***** INPUT FOR THIS TASK *****

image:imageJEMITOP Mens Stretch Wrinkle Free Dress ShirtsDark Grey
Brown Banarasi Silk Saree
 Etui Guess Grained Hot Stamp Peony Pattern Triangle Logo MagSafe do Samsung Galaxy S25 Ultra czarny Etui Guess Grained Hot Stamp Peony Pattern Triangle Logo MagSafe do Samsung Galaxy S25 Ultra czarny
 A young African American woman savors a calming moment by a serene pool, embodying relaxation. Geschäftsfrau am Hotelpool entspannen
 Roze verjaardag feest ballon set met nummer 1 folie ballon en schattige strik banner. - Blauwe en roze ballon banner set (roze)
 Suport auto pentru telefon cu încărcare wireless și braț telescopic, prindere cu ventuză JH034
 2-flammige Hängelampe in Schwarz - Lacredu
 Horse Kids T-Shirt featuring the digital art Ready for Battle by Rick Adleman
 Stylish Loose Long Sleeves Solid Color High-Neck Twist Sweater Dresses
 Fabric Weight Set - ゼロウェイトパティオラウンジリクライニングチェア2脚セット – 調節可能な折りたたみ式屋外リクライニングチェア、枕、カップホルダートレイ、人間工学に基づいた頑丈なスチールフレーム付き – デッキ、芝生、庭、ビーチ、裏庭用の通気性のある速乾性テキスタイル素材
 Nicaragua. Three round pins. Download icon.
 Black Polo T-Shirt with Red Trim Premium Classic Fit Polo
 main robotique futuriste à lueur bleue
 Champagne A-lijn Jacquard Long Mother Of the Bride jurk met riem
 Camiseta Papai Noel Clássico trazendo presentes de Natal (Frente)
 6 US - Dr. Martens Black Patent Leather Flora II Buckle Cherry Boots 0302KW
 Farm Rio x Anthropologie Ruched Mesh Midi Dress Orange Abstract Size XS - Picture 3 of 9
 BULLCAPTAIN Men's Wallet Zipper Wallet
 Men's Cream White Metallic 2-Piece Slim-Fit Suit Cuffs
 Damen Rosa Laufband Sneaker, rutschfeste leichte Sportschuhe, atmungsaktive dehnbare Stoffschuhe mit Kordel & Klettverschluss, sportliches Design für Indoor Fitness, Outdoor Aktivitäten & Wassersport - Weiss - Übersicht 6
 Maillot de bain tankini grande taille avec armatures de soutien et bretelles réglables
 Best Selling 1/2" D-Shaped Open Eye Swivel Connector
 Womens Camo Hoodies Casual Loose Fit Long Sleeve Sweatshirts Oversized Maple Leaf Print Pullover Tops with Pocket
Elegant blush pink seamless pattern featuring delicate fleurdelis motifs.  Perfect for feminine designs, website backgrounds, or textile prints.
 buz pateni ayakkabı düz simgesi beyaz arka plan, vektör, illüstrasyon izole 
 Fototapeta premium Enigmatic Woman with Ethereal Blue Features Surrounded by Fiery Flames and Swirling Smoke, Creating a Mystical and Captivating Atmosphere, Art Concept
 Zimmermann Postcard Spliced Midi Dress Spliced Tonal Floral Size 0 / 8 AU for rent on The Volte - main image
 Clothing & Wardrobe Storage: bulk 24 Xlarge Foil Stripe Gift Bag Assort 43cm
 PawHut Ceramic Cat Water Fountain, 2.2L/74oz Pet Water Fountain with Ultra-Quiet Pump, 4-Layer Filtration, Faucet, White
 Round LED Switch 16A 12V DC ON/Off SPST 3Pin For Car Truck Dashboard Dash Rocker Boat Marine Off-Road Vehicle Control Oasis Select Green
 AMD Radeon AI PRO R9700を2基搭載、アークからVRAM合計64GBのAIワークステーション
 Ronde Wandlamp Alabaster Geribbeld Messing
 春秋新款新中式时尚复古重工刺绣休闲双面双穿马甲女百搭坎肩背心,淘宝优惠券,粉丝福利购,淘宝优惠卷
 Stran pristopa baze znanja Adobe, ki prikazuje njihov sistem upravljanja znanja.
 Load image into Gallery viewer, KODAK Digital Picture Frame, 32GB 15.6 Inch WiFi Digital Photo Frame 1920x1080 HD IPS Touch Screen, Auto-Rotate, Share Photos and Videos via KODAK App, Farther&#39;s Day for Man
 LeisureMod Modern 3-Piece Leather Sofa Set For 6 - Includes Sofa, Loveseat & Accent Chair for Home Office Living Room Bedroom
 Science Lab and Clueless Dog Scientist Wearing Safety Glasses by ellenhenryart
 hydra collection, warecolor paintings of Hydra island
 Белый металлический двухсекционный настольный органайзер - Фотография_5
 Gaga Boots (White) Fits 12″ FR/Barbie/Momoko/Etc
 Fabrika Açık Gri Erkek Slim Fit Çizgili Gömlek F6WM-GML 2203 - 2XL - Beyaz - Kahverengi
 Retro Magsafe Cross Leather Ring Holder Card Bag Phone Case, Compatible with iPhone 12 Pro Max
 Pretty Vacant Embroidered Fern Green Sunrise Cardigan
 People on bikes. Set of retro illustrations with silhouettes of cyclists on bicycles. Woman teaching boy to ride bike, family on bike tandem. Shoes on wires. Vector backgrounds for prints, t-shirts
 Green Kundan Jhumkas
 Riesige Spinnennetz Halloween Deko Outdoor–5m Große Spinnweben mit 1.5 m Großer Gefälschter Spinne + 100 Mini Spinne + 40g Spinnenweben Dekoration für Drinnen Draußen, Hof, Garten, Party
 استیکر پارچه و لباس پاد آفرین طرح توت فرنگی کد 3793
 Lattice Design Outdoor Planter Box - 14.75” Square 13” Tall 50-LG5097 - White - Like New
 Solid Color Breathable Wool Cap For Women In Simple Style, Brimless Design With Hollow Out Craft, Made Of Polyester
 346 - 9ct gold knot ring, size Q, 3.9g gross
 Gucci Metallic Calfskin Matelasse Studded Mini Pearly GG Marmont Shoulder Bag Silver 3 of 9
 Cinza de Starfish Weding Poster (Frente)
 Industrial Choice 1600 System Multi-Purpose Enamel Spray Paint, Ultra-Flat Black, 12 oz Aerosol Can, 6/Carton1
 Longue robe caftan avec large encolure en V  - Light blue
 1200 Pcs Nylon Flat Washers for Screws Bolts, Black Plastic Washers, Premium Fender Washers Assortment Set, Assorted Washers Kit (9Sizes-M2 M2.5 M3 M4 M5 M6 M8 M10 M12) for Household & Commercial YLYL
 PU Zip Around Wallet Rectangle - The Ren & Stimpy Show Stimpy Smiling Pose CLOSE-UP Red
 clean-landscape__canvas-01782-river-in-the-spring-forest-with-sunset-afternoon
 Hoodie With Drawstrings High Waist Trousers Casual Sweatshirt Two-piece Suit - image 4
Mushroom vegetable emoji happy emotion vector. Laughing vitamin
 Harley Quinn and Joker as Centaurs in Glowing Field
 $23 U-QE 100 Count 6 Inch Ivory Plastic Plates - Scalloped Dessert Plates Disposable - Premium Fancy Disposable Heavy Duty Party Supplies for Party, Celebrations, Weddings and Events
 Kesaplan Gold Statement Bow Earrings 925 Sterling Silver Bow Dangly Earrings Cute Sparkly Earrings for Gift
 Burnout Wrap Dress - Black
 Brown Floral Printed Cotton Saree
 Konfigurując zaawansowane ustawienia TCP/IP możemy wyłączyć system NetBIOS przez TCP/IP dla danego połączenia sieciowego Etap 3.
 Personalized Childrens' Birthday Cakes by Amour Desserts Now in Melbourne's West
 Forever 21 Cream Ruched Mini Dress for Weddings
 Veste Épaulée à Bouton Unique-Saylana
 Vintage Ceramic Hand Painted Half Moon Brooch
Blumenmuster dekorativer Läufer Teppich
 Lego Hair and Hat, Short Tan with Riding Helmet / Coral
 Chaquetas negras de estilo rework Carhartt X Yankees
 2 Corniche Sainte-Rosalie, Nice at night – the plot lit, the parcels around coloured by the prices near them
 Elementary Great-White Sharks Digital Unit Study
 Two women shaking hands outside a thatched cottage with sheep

*****

▸ **EXERCISE**:
The task calls for all lines in the entries that hold "Saree".

▸ **ANSWER SPACE**:
Brown Banarasi Silk Saree
 Brown Floral Printed Cotton Saree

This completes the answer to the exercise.